### Exercise brief
Whenever a picture appears in the listing below, leave it out, and copy exactly the lines from the one containing "Zaino roll top" through the end.

### Records shown
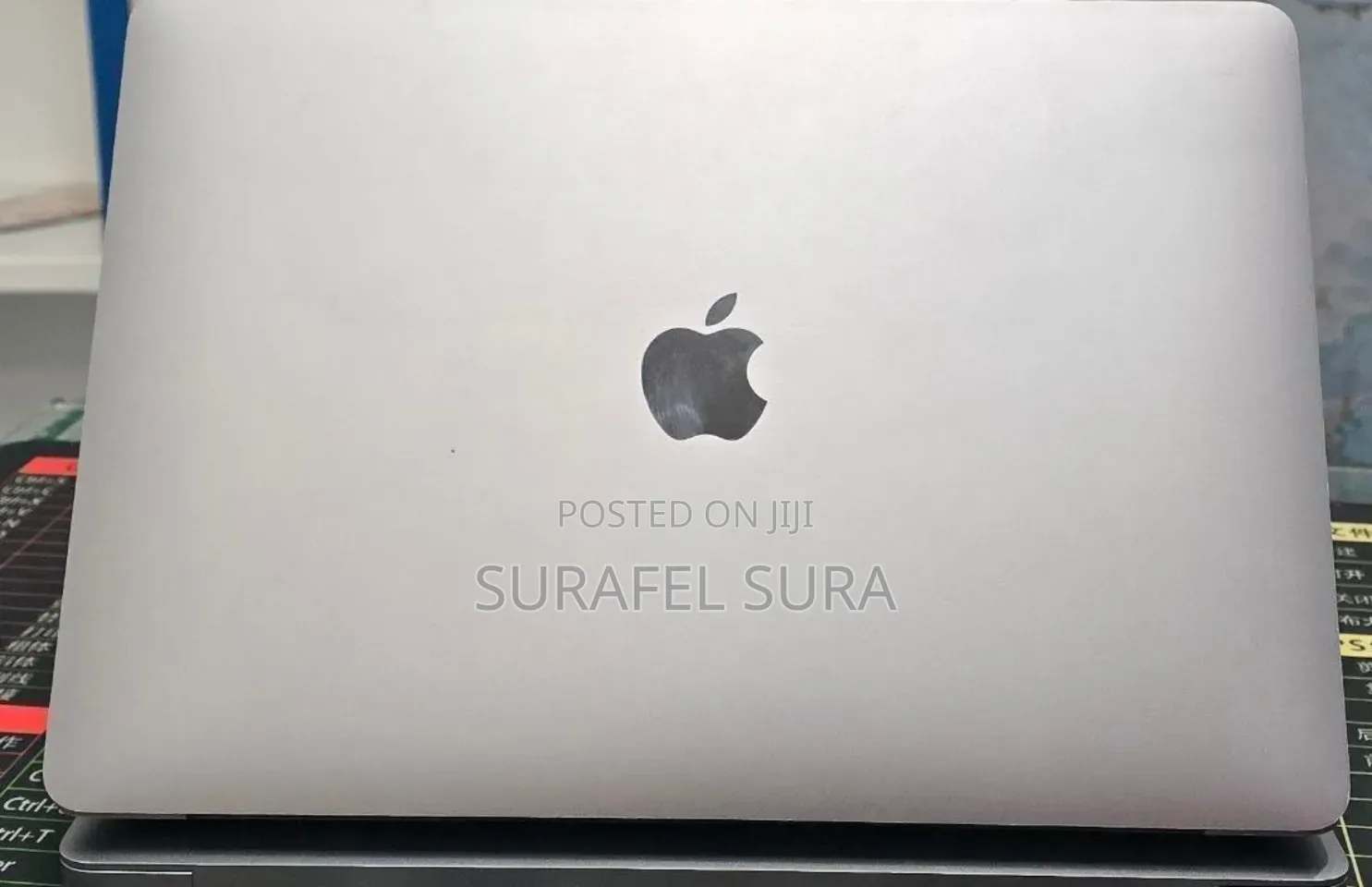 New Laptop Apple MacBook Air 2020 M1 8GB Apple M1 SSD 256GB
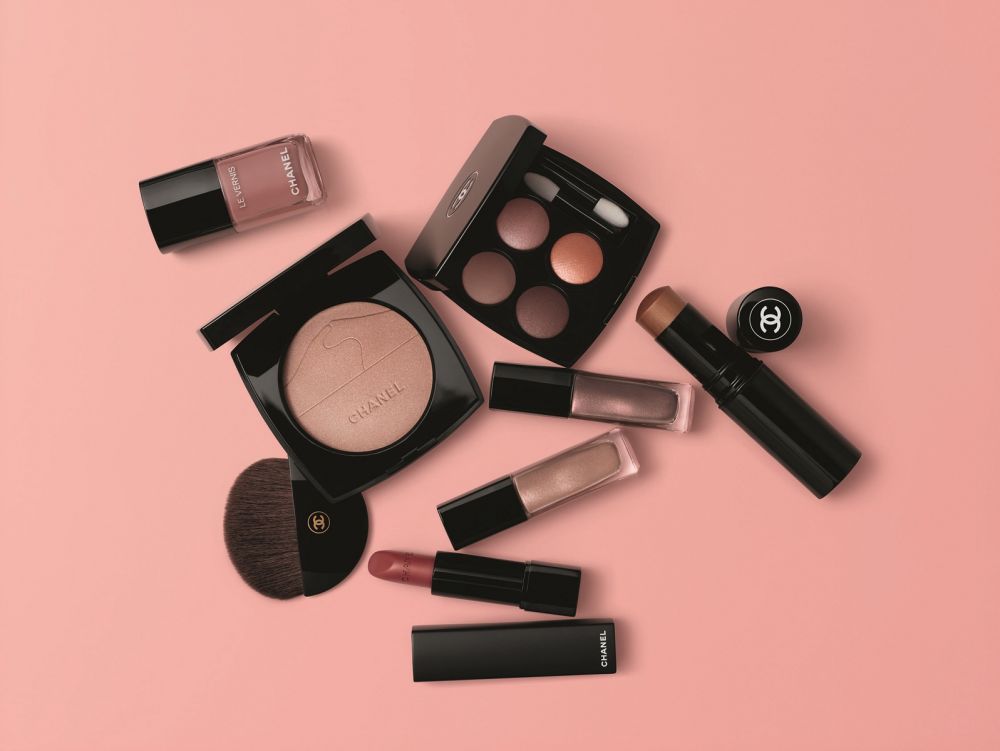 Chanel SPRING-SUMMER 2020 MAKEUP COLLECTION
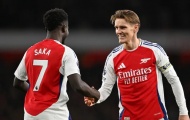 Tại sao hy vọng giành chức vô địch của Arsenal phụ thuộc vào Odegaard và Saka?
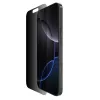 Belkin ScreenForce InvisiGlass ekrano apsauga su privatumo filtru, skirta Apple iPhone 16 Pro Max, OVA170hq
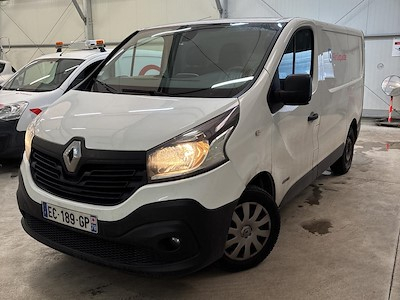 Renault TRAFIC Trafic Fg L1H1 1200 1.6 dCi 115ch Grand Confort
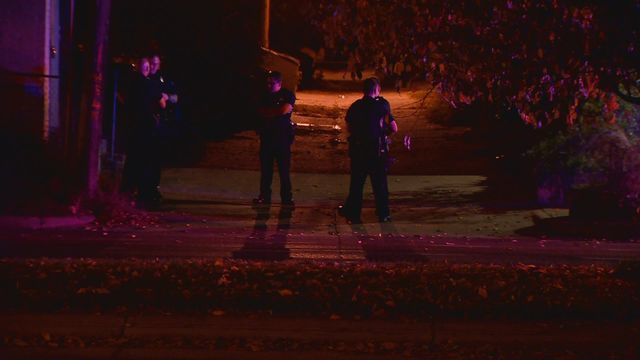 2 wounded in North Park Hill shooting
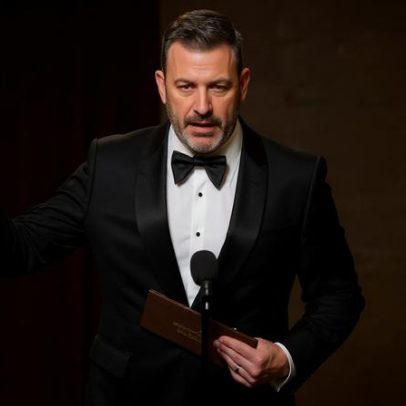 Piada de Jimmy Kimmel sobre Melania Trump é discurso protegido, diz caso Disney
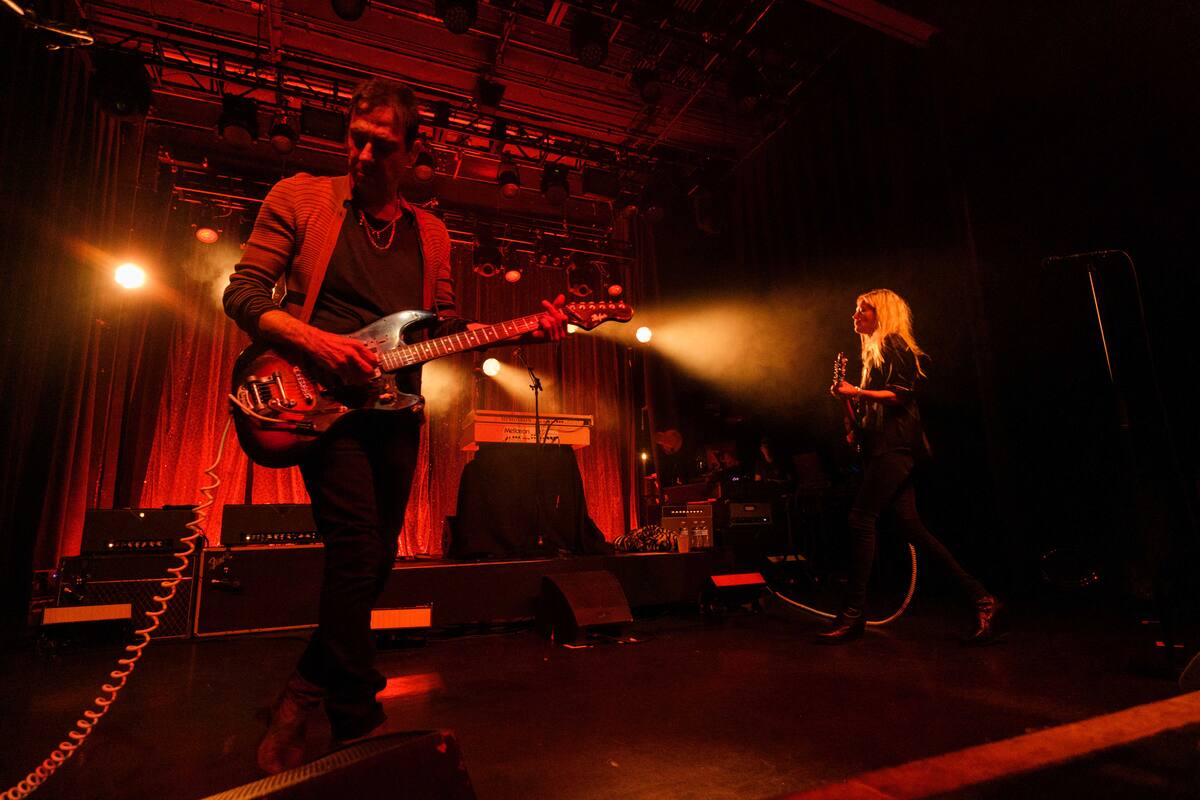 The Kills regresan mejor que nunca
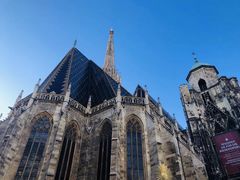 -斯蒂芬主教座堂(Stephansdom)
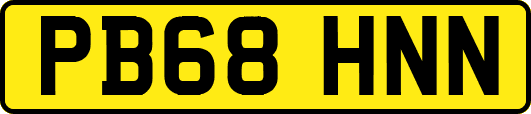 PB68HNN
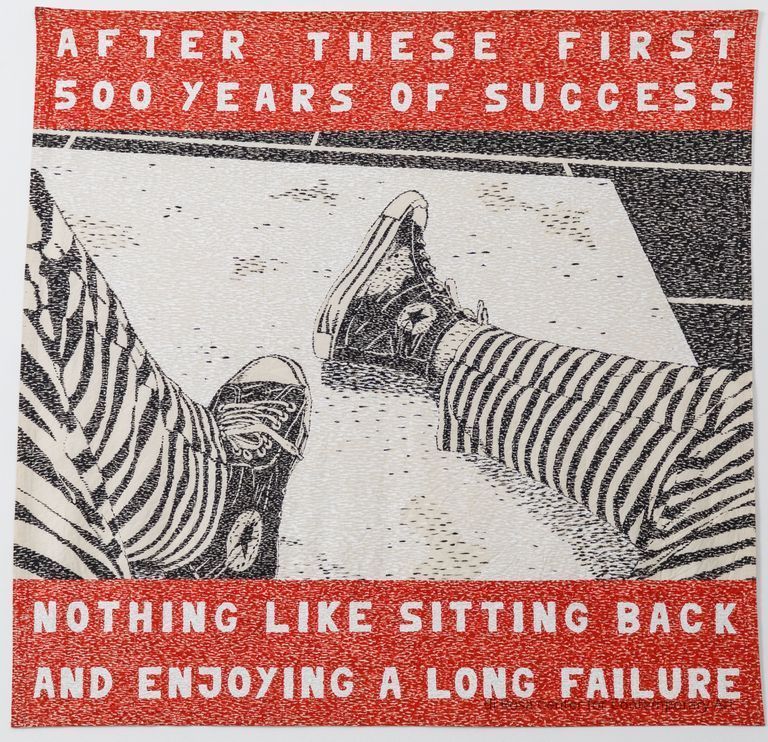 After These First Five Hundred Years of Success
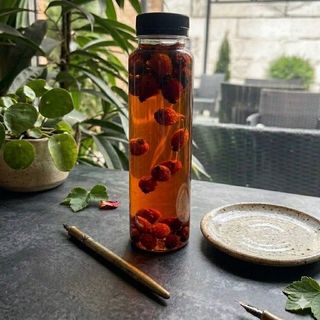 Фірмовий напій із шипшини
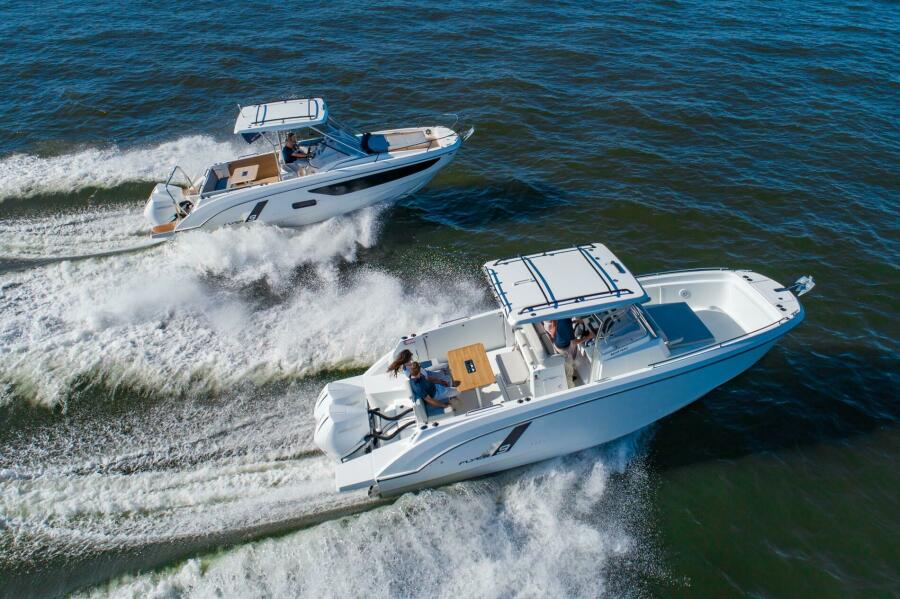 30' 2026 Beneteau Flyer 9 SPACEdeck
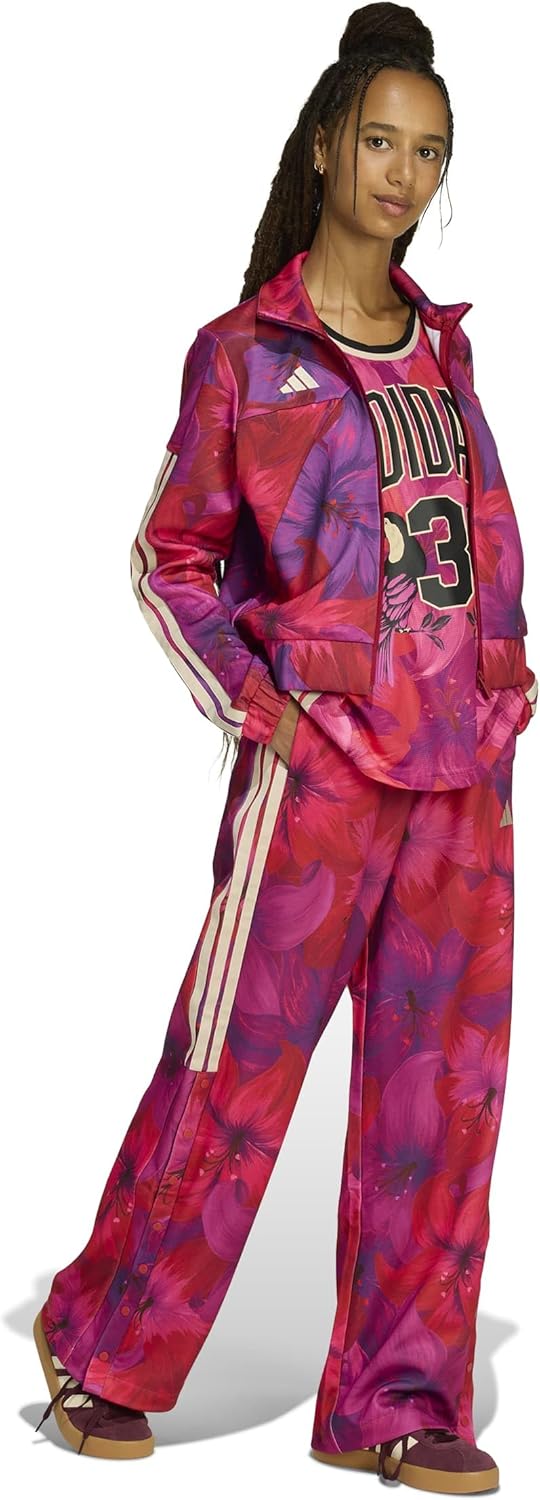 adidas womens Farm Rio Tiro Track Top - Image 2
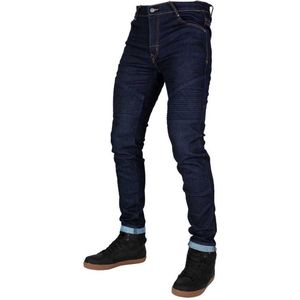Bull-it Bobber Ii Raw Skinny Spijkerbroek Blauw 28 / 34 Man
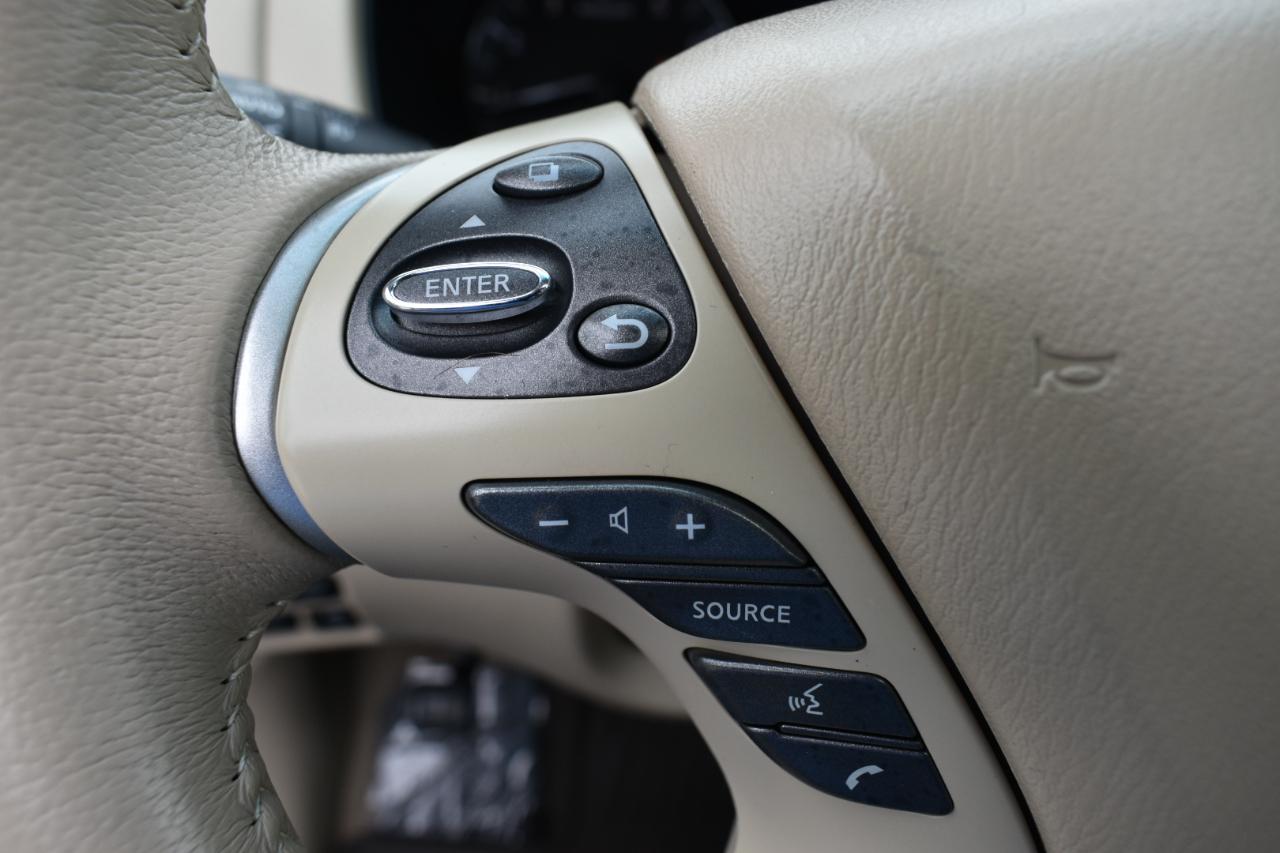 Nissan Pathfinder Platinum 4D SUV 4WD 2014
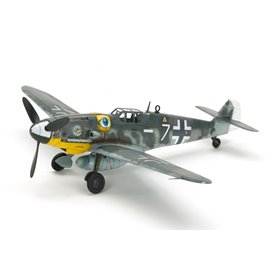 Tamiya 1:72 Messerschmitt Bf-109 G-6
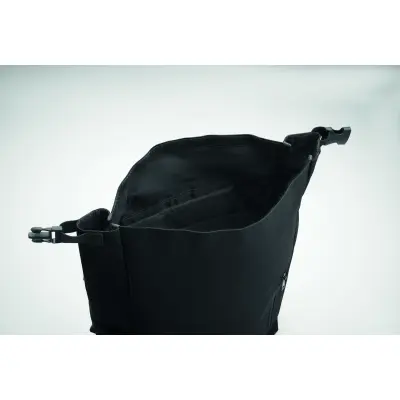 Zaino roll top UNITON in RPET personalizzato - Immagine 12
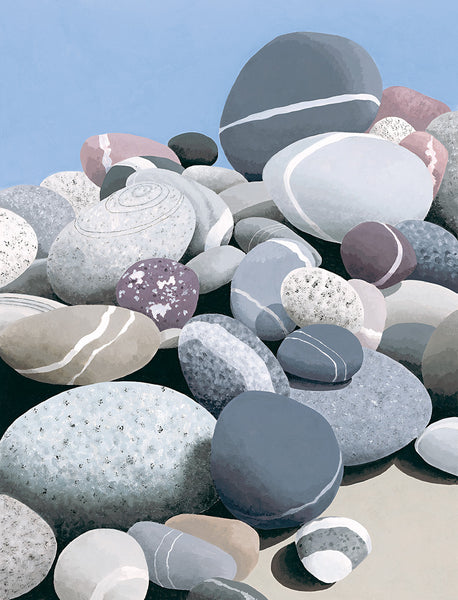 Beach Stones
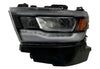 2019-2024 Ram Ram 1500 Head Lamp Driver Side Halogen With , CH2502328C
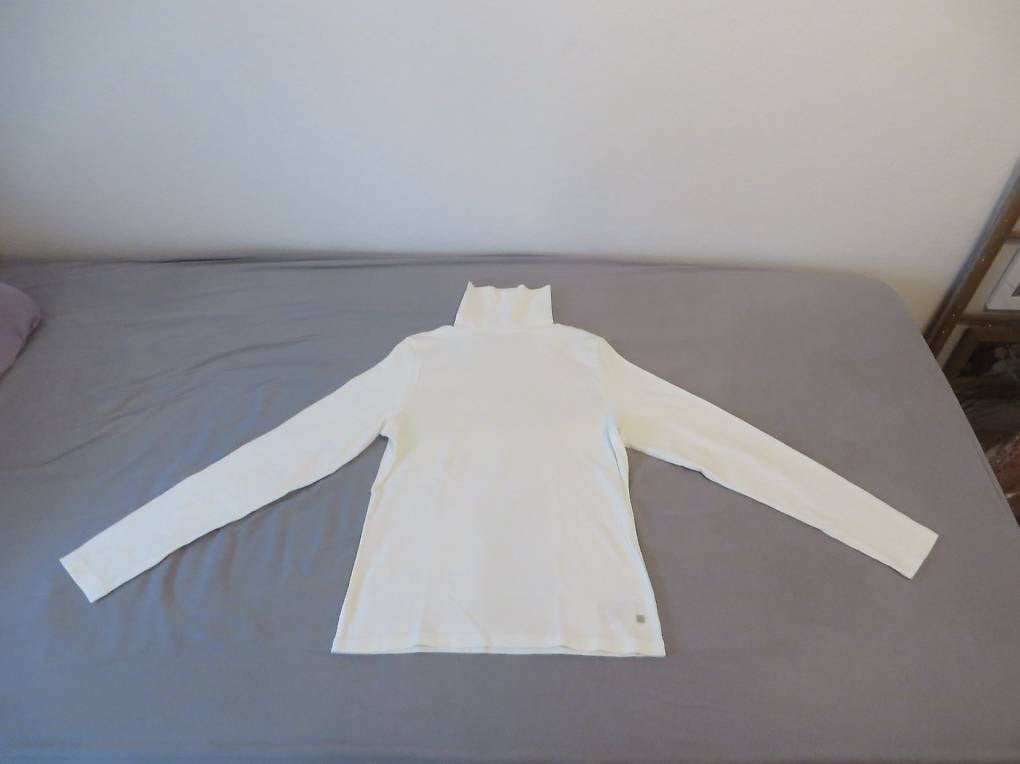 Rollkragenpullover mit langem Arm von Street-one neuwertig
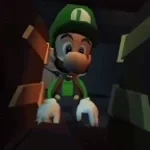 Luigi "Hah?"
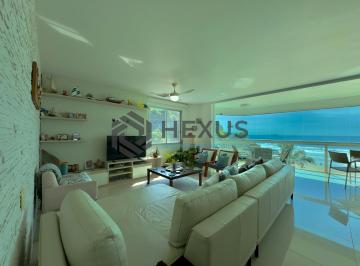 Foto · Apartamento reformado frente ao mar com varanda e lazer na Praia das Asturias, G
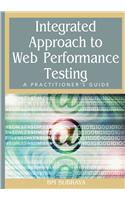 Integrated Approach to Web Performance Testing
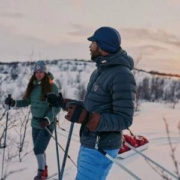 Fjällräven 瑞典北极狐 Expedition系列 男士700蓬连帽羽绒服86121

### Final answer
 Zaino roll top UNITON in RPET personalizzato - Immagine 12
 Beach Stones
 2019-2024 Ram Ram 1500 Head Lamp Driver Side Halogen With , CH2502328C
 Rollkragenpullover mit langem Arm von Street-one neuwertig
 Luigi "Hah?"
 Foto · Apartamento reformado frente ao mar com varanda e lazer na Praia das Asturias, G
 Integrated Approach to Web Performance Testing
 Fjällräven 瑞典北极狐 Expedition系列 男士700蓬连帽羽绒服86121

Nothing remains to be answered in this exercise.